Just recently after a hike ending at the Big Scoop, my son learned a valuable lesson — it could even be a life lesson if we’d explored it a little more deeply, but this time we just kept it about ice cream.

He’d selected the “Birthday Cake” flavour because it was full of colourful sprinkles and looked super cool. The rest of us all chose flavours that were predominantly brown. Why? Chocolate of course. After he’d weaseled his way into licks of everybody else’s cones he’d realized his error: never pick your ice cream based on colour, the best flavours are often the ugliest cones. He’s made better choices since then.
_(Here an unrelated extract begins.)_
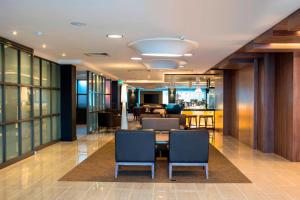 an office lobby with a table and chairs at AC Hotel by Marriott Birmingham in Birmingham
But have I? Unbeknownst to my own self, it turns out I have been planning our hikes around ice cream shops. That first time it was the one in Cassidy. Last weekend, we did the Cowichan estuary trail so that we could go for a picnic and then mosey over to Udder Guys for some ice cream after that. (The parking lot was never empty so we ultimately ditched that idea and went into Duncan but we’ll get back out to Cowichan Bay again one of these days.)

After anything out Glenora way, it’s the Big Scoop downtown. When we visit Stocking Creek Park in Saltair, it’s the Dairy Queen on Davis Road in Ladysmith.
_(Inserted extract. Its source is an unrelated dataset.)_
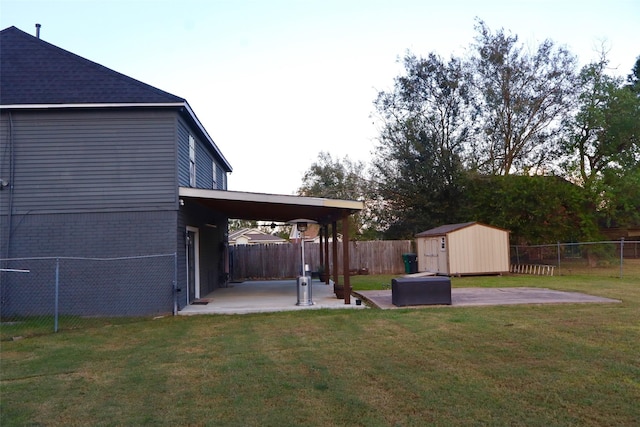 view of yard with a patio area, a fenced backyard, a storage unit, and an outdoor structure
This past weekend I picked a hike near Mill Bay just so we could hit up Sweet Meadows market on the way home.

It was driving home from that trek that I realized this pattern seemed to be emerging.

What am I up to? Is it just a ploy to get the kids amped to spend an hour or two walking with their mom and dad? (Yes.) Am I sabotaging my own fitness efforts? I quickly decided no to that one because I actually opted out of ice cream at Sweet Meadows. (I won’t make that mistake again though, after getting a good taste of my daughter’s chocolate chip mint cone.)
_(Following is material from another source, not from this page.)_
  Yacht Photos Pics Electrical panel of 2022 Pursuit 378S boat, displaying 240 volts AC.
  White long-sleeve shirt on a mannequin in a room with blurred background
Have you ever seen a four-year-old eat ice cream? It’s a disaster. Fortunately my husband was quick on his feet that day and managed to make our youngest believe that it was good luck for your parents to lick your cones. It was out of necessity, really. When she wasn’t giggling and painting herself an ice cream beard, she was letting it drip everywhere.

Once my husband had cleaned up the edges and took some off the top, he returned the cone to her. This happened several times. But then she wanted to do what every child does at least once in their lifetime (I assume). She wanted to bite the bottom off the cone while there was still ice cream in it.

“I could just tilt my head and drink it up like this,” she demonstrated.

“No!” we both ordered, panicking at the pictures in our heads of the mess she’d make. Luckily she didn’t follow through. I guess licking your kids’ cones really does come with some good luck after all.

SEE RELATED: Jelly beans the key to efficient family hikes

In any event, I fear I’m running out of options for ice cream hikes. We’ve hit up Ice Cream Mountain before and will do so again before the summer’s up but where else is there? Please let me know because as much fun as our jelly bean hikes around Chemainus Lake have been, they just aren’t the same as knowing you’ve got a cone full of chilly goodness to look forward to at the end of your walk. You know, for the kids I mean.